Perhaps one of the most unfortunate things about the recent focus of the music industry on "American" punk and hardcore acts is that it forces much of the genre and fans to adopt a distinctly American perspective. A browse through your local record store's punk and hardcore section will reveal a multitude of American, white, middle-class-male opinions and a distinct lack of viewpoints from women, Europe or the developing world. Certainly, it isn't fair to expect the aforementioned white, middle-class musicians to write about poverty with any sort of authority particularly when the bulk of their exposure to that world is through secondary sources.
Even the bands who break from this mold are somewhat confined by their limited perspective; until you visit Ethiopia, your only understanding of the abject misery of people in poverty is based on maudlin Sally Struthers commercials and UNICEF boxes at Halloween.
This single fact is part of what makes the music of Dutch punk stalwarts the Ex so important; not only does the band seamlessly synthesize the music of indigenous cultures into their music; the band also regularly visits Africa and other developing nations to speak directly to the people they aim to speak for.
The band formed in the late `70s, energized by the burgeoning punk rock movement as well as looking for a way to express their own frustrations with the staggering social injustice of `70s Amsterdam. According to the band, the police in particular were brutal to disaffected youth, many of which were seething in a sea of unemployment and unaffordable high rent. The band incorporated the same collective mentality as Crass, seeing their anarcho-socialist views and their music as indelibly connected.

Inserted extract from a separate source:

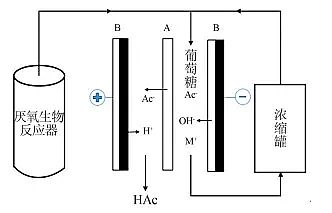 �Ϻ÷��x�Ӿ۱�ϩ����NPAM���a(ch��n)�S���p�OĤ늝B�����g(sh��)���о��M(j��n)չ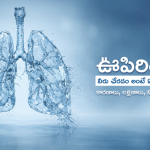 floral-effusion-main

Though the band has regularly released material, most recently through Touch and Go, much of the band's material was originally issued on limited cassette or vinyl and was seemingly lost to the general public. This long-awaited singles package finally unearths some of those precious singles to hopefully immortalize them as the crucial works that they are.

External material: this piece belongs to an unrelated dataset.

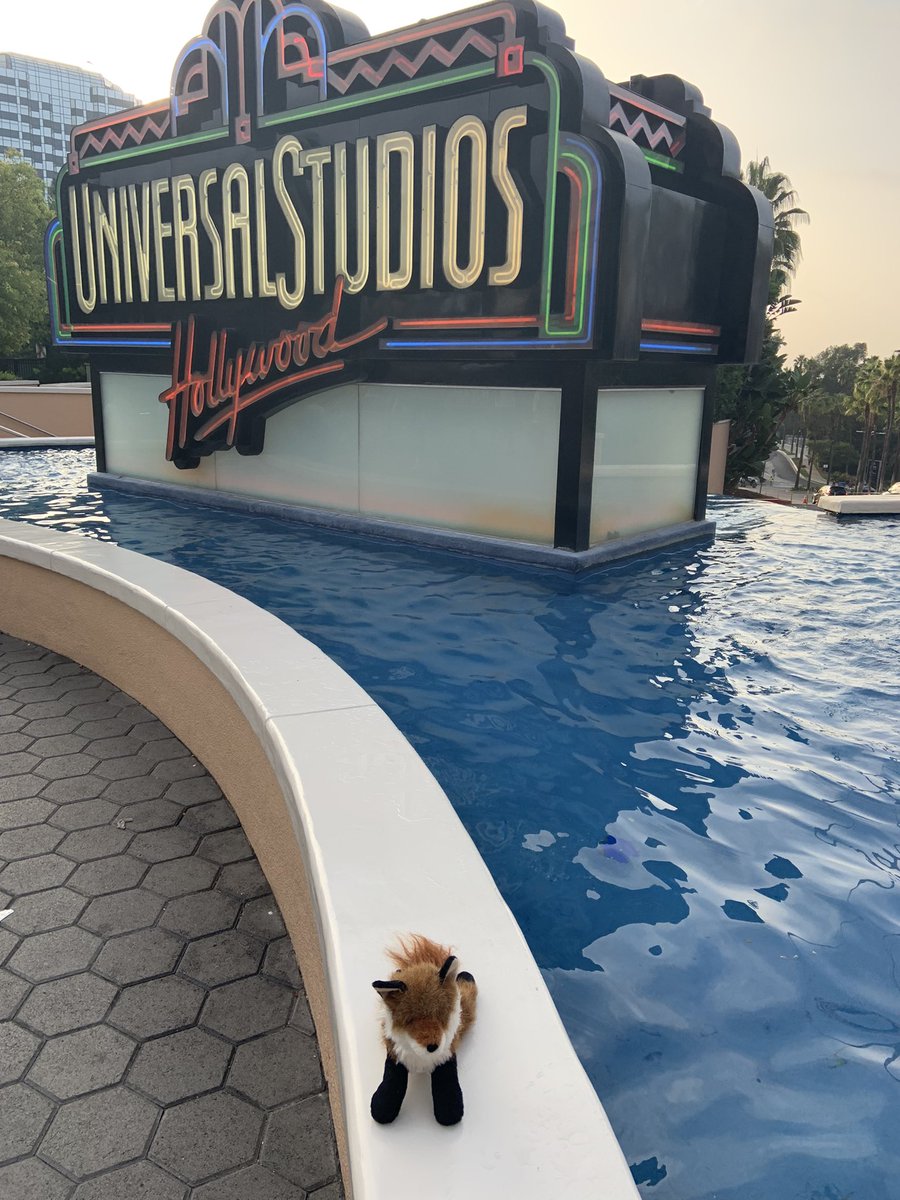 Kit enjoyed her time away! Disneyland and Universal Studios was a lot of fun!  Everything comes to an end🙁. #kitsamazingadventures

Organized chronologically, the album begins in much of the same spirit as their American and British peers: Simple three-chord punk rock with that steady 1-2 drumbeat, but by the end of the album much of the future sound of the band is clear; elements of early industrial music like Einstürzende Neubauten begin to show up, as well as moments of jazz and folk, elements which defined later albums like the particularly wonderful Starters/Alternators and Turn, which took the same sort of progressive left turns as the band with which they are most often compared: Fugazi.
Though the sound had not taken shape in that early era, much of the band's political views were seared into the lyrics even then; album opener "Human Car" lashes out against commodification, "Weapons for El Salvador" takes the Ronald Reagan administration to task for the brutal results of his attempts to use the nation as a wedge between the Sandinistas and the Cubans.
Politically and musically incendiary, the Ex is a challenging and difficult band, even today. Singles. Period. is not music designed for background listening; the steep progression over the album, unconventional sounds and brutally honest lyrics demand attention and deserve yours.